Input data:
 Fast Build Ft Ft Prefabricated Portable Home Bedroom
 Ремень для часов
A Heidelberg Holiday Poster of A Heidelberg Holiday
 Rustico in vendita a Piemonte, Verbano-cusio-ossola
---
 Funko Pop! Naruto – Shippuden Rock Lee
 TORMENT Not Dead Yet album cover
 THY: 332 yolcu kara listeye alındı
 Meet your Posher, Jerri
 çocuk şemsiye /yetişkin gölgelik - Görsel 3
...
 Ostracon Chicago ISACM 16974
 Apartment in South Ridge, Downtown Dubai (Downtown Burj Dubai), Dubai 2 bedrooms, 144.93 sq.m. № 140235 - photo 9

Exercise directions: Please reproduce exactly the lines in the listing above from the one containing "Funko Pop! Naruto – Shippuden Rock Lee" through the one containing "çocuk şemsiye /yetişkin gölgelik - Görsel 3", both included, and nothing more.

The completed task:
 Funko Pop! Naruto – Shippuden Rock Lee
 TORMENT Not Dead Yet album cover
 THY: 332 yolcu kara listeye alındı
 Meet your Posher, Jerri
 çocuk şemsiye /yetişkin gölgelik - Görsel 3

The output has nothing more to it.